Já Célia Xakriabá reforçou que discutir a transição energética é também falar de economia. “Há uma pesquisa que mostra que 80% dos projetos da Amazônia vão beneficiar 57% do agronegócio brasileiro. Portanto, se o Congresso continuar apoiando a indústria fóssil, o impacto econômico será enorme — mais de R$ 338 bilhões. E estamos falando aqui de impactos irreversíveis, porque um rio ou uma vida não se recuperam”, alertou.

Violência contra mulheres indígenas também foi pauta

Além do tema energético, a deputada também destacou a aprovação na Câmara de seu projeto de lei 4381/23, que estabelece diretrizes para o atendimento de mulheres indígenas vítimas de violência doméstica e familiar. O texto prevê protocolos específicos para delegacias e órgãos públicos, com o objetivo de garantir os direitos das vítimas em todo o processo de denúncia e investigação. O projeto agora segue para o Senado.
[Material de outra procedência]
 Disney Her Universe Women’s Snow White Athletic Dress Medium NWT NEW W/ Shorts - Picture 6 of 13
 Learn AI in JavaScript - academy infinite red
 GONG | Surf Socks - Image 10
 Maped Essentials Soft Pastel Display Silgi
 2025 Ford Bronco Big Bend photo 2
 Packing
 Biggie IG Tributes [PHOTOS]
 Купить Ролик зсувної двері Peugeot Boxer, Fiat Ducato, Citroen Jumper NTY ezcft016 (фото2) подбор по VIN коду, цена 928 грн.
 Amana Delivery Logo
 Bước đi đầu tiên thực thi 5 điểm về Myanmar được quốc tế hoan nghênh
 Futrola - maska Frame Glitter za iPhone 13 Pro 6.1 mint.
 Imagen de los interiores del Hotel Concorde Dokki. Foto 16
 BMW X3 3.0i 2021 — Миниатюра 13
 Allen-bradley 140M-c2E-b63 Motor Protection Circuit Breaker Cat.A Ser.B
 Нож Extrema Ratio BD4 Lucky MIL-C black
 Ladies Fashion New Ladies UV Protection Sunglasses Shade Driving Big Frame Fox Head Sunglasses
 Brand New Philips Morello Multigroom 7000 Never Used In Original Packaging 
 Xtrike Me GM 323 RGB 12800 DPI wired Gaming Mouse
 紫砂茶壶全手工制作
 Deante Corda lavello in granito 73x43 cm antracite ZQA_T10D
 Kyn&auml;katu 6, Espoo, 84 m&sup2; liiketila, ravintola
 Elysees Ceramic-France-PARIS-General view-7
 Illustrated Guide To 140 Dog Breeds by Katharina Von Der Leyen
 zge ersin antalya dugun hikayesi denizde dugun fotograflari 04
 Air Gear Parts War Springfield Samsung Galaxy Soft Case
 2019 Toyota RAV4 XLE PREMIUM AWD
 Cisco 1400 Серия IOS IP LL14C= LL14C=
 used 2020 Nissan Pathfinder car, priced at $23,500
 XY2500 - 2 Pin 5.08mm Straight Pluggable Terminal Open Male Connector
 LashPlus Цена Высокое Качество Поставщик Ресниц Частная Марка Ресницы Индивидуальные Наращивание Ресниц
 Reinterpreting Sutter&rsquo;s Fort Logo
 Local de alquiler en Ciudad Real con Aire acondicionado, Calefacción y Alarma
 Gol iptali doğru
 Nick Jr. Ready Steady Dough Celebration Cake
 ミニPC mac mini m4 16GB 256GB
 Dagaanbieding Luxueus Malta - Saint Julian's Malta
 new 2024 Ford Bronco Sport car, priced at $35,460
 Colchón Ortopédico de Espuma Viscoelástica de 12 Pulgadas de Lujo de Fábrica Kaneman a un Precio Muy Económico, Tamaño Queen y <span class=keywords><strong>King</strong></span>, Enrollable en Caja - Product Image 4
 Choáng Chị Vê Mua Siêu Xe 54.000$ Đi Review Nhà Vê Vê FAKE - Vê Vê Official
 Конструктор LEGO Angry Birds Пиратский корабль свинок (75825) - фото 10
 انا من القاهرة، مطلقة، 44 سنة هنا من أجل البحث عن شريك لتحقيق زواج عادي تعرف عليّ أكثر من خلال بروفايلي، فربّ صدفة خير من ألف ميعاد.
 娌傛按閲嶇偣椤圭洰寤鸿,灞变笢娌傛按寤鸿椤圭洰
A diretora do Departamento de Gestão Socioambiental do Ministério do Meio Ambiente (MMA) destacou a urgência de um novo modelo energético que respeite os limites ecológicos do planeta e os direitos constitucionais dos povos tradicionais. “A transição energética precisa ser justa, inclusiva e construída por meio do diálogo”, defendeu.

Transição energética com justiça social

O debate evidenciou a necessidade de o Brasil alinhar seus projetos de expansão energética ao respeito pelos direitos dos povos originários. Participantes apontaram como um dos principais entraves a ausência de uma legislação específica que estabeleça salvaguardas para comunidades indígenas diante de empreendimentos do setor energético — um vácuo jurídico que tem permitido o avanço de projetos sem a devida consulta ou proteção.

Para a deputada Célia Xakriabá, a audiência marca apenas o começo de uma agenda que precisa se tornar permanente no Congresso. “Queremos uma transição energética que seja feita com justiça, e não às custas do nosso povo. Energia limpa não pode ser sinônimo de apagamento cultural”, afirmou a parlamentar.